ENTRIES SUPPLIED =>
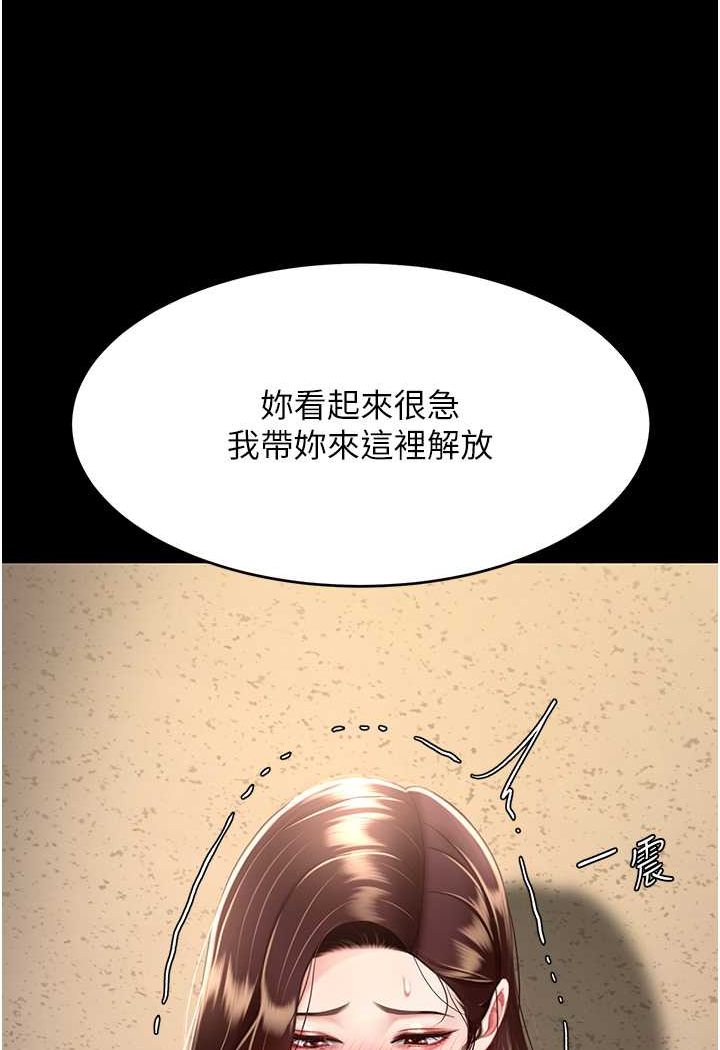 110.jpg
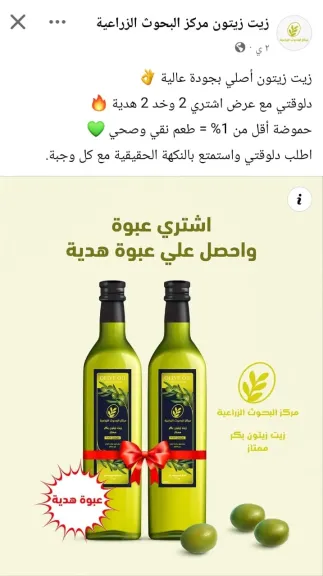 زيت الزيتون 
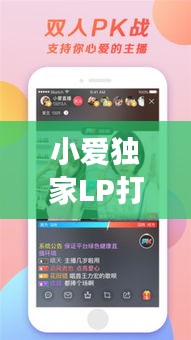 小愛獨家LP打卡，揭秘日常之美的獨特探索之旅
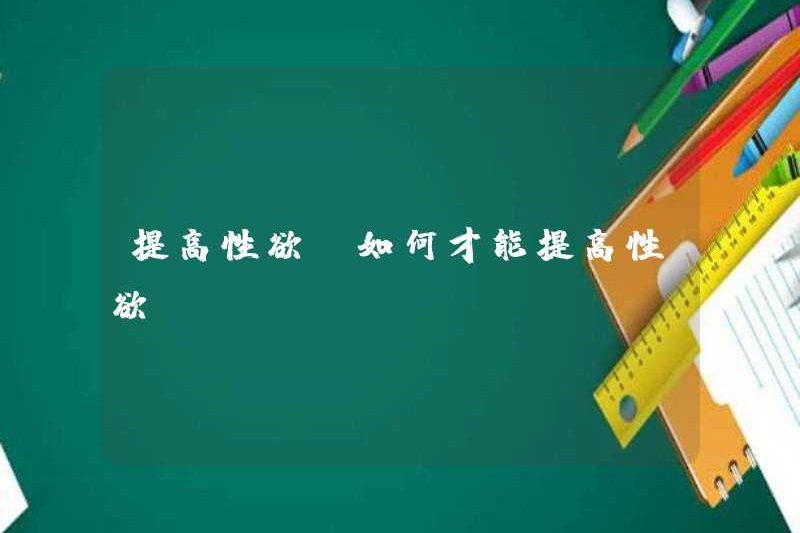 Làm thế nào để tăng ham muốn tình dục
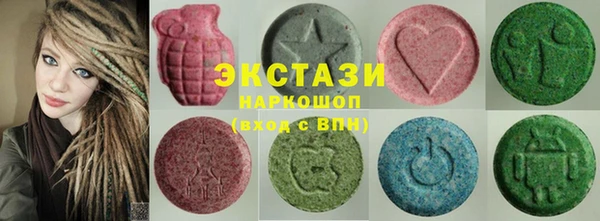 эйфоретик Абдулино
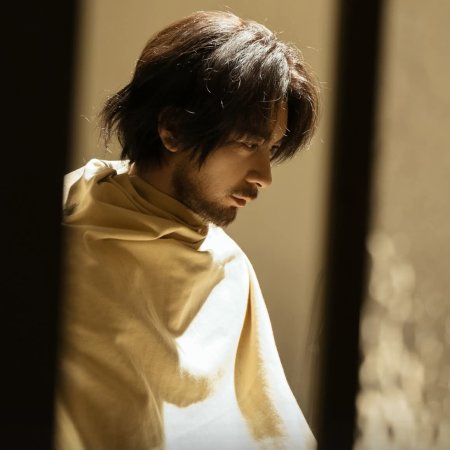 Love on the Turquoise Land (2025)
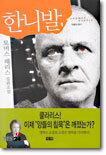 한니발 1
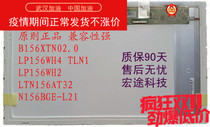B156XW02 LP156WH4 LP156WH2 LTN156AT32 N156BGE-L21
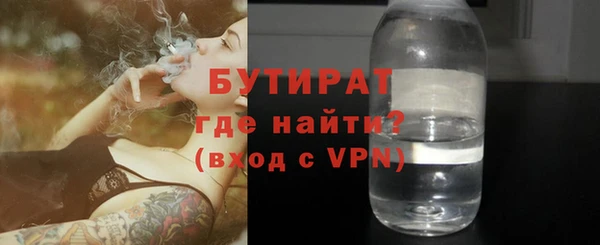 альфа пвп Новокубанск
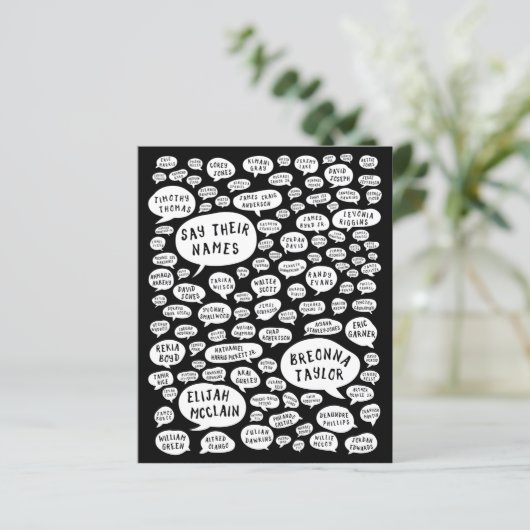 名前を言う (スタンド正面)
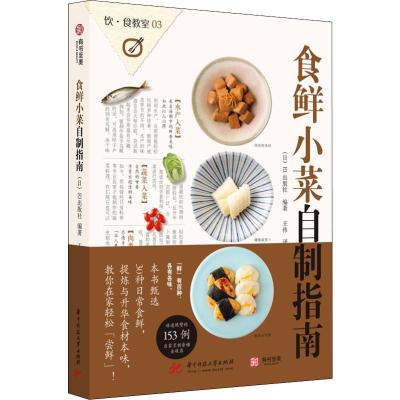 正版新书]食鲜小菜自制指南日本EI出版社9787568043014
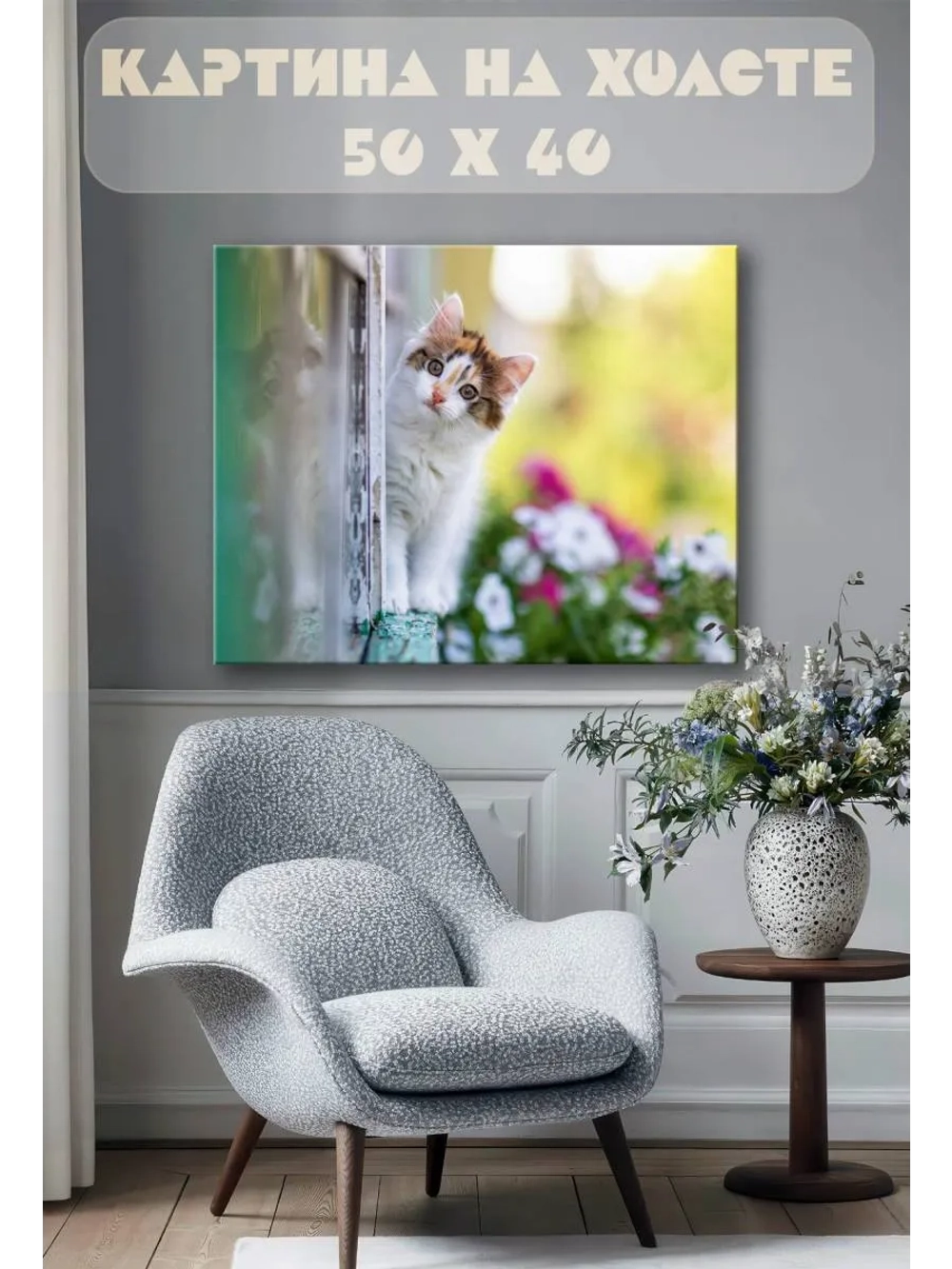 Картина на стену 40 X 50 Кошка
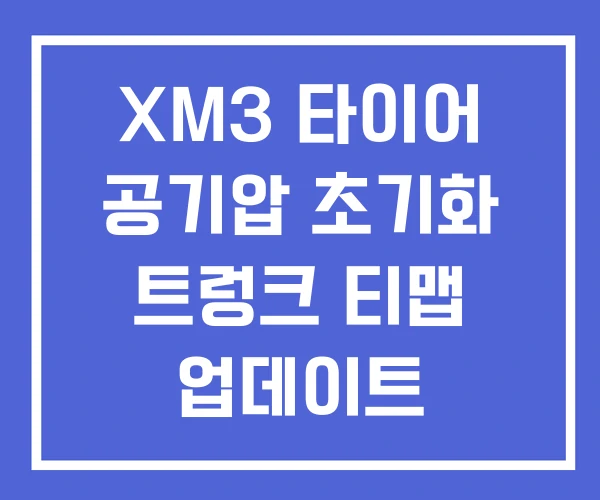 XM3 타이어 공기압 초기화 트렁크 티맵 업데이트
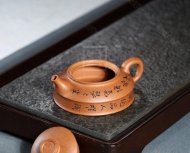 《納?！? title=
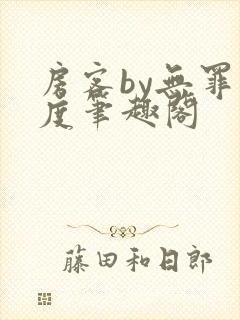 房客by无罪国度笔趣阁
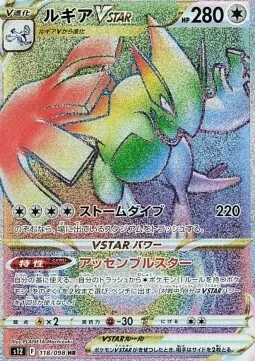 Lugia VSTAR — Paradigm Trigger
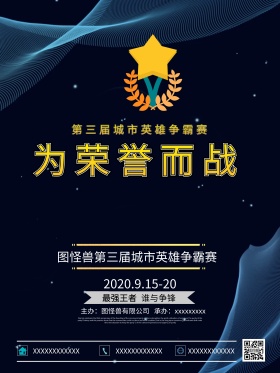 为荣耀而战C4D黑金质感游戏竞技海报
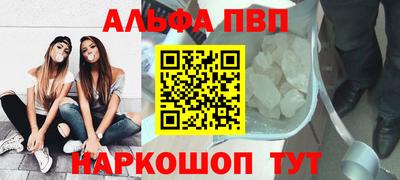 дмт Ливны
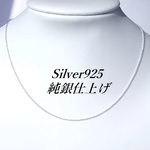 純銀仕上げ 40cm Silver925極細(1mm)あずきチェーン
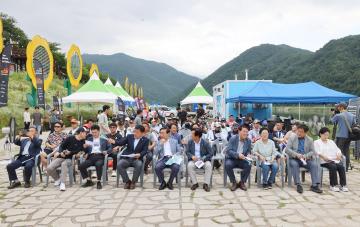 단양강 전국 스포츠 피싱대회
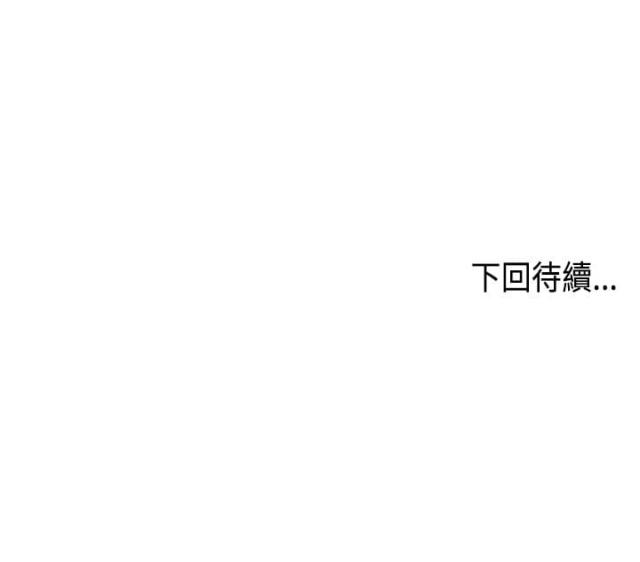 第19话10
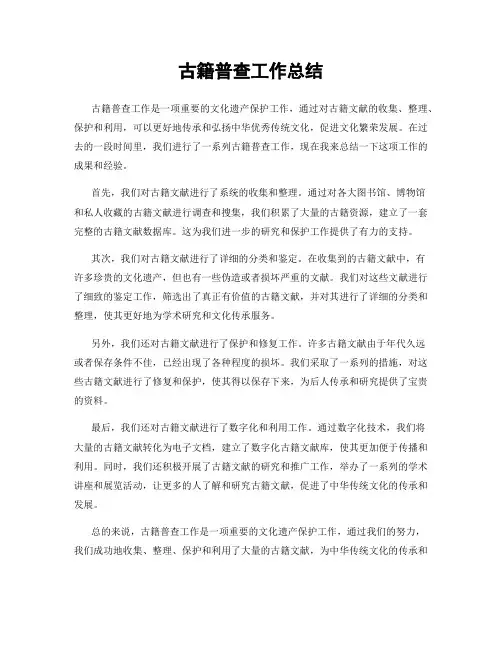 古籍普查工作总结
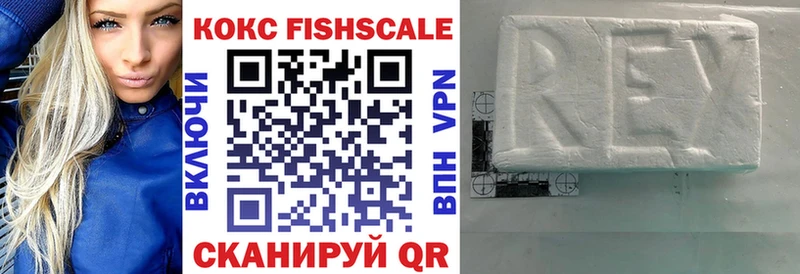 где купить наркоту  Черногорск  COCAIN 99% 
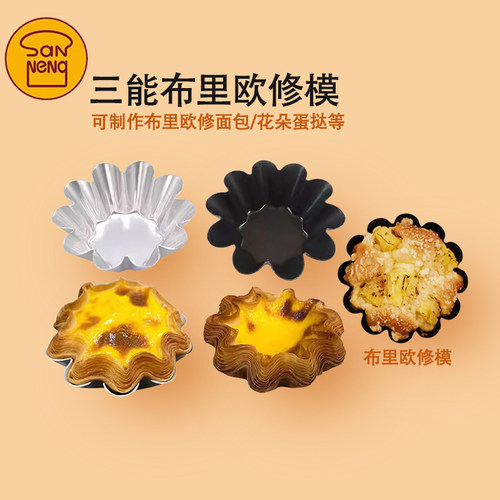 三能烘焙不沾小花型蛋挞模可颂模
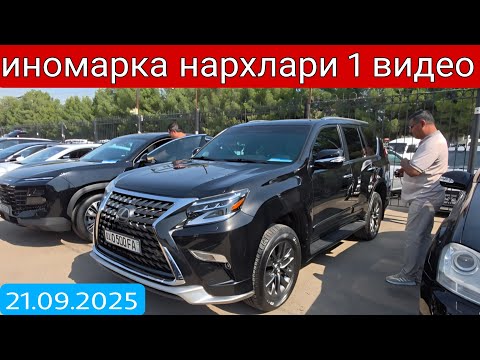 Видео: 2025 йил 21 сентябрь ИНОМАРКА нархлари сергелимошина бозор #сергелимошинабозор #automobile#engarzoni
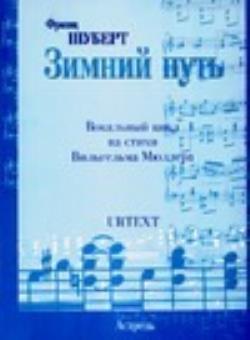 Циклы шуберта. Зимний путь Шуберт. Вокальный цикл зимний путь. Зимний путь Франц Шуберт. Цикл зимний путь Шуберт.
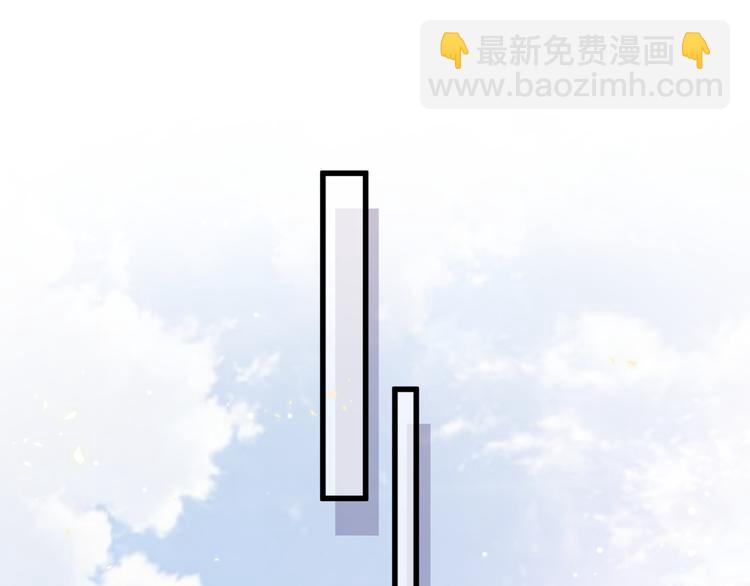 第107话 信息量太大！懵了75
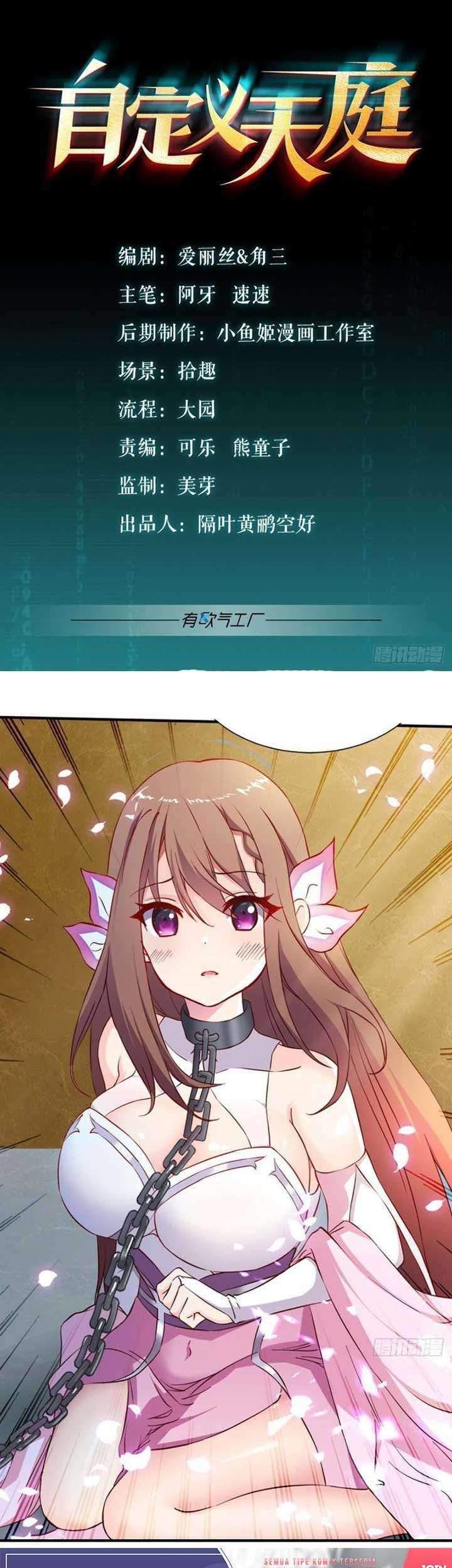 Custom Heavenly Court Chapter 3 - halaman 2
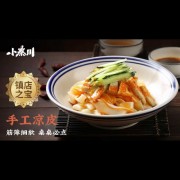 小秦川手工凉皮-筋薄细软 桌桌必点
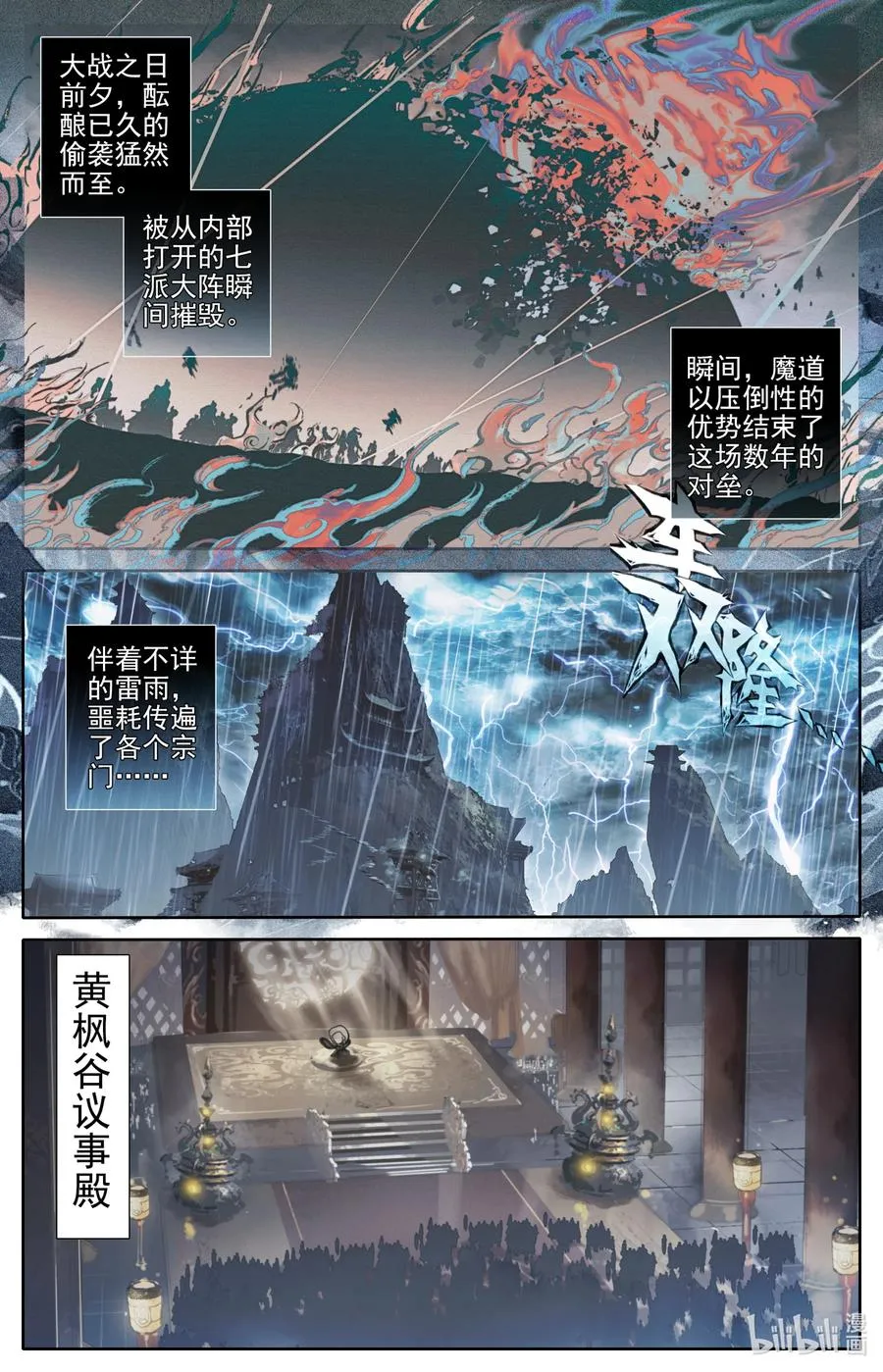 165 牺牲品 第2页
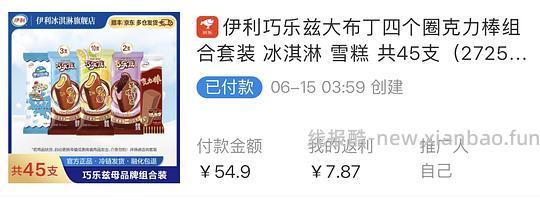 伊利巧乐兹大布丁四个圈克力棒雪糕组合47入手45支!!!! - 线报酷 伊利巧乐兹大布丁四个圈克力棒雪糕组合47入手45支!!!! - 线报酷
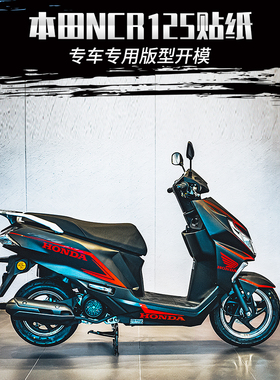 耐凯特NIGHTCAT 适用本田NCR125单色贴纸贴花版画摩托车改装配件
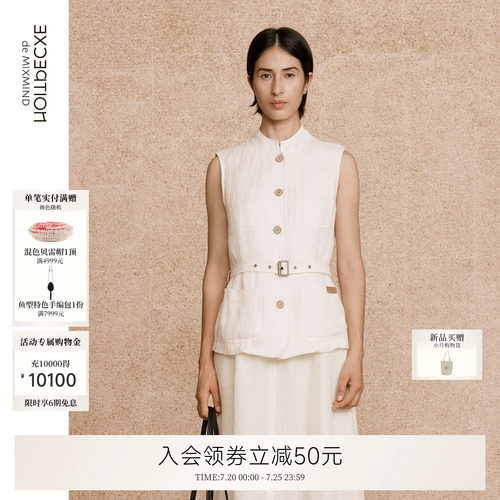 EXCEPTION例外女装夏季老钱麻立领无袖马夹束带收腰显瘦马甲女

PROBLEM TO SOLVE =>
Everything from the first line of the entries through the line containing "165 牺牲品 第2页" is to be transcribed exactly; the pictures are not.

FINISHED EXERCISE =>
 110.jpg
 زيت الزيتون 
 小愛獨家LP打卡，揭秘日常之美的獨特探索之旅
 Làm thế nào để tăng ham muốn tình dục
 эйфоретик Абдулино
 Love on the Turquoise Land (2025)
 한니발 1
B156XW02 LP156WH4 LP156WH2 LTN156AT32 N156BGE-L21
 альфа пвп Новокубанск
 名前を言う (スタンド正面)
 正版新书]食鲜小菜自制指南日本EI出版社9787568043014
 Картина на стену 40 X 50 Кошка
 XM3 타이어 공기압 초기화 트렁크 티맵 업데이트
 《納?！? title=
 房客by无罪国度笔趣阁
 Lugia VSTAR — Paradigm Trigger
 为荣耀而战C4D黑金质感游戏竞技海报
 дмт Ливны
 純銀仕上げ 40cm Silver925極細(1mm)あずきチェーン
 단양강 전국 스포츠 피싱대회
 第19话10
 古籍普查工作总结
 где купить наркоту  Черногорск  COCAIN 99% 
 三能烘焙不沾小花型蛋挞模可颂模
 Видео: 2025 йил 21 сентябрь ИНОМАРКА нархлари сергелимошина бозор #сергелимошинабозор #automobile#engarzoni
 Циклы шуберта. Зимний путь Шуберт. Вокальный цикл зимний путь. Зимний путь Франц Шуберт. Цикл зимний путь Шуберт.
 第107话 信息量太大！懵了75
 Custom Heavenly Court Chapter 3 - halaman 2
 小秦川手工凉皮-筋薄细软 桌桌必点
 165 牺牲品 第2页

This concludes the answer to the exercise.